- Opening Delimiter -

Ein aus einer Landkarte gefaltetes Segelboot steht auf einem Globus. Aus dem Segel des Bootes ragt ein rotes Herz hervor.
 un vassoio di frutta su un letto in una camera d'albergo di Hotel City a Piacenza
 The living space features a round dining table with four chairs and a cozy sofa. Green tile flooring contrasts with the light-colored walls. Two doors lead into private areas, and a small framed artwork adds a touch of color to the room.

- Closing Delimiter -
- Opening Delimiter -

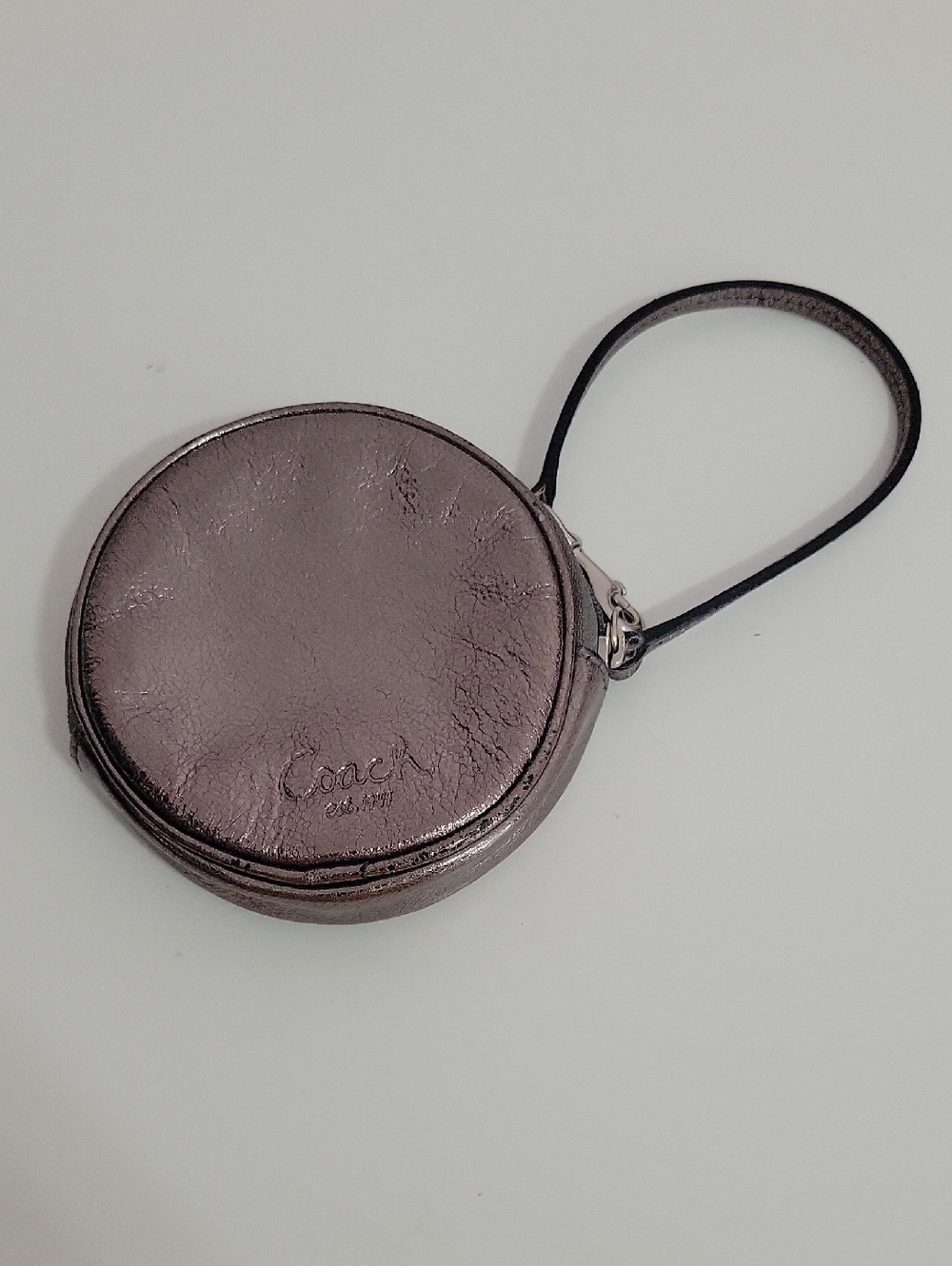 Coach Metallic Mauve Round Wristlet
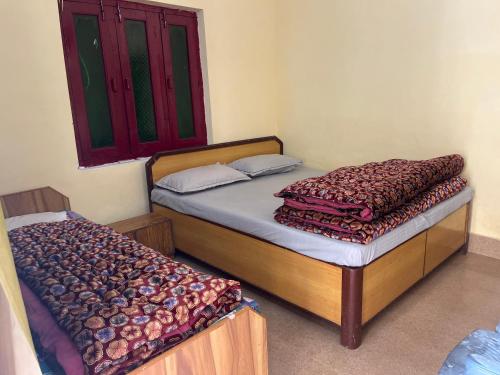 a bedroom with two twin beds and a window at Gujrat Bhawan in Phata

- Closing Delimiter -

EXERCISE REQUIREMENTS.
Starting with the line that has "Coach Metallic Mauve Round Wristlet" and ending with the line that has "a bedroom with", repeat the lines above exactly, omitting every picture.

FINISHED TASK.
 Coach Metallic Mauve Round Wristlet
 a bedroom with two twin beds and a window at Gujrat Bhawan in Phata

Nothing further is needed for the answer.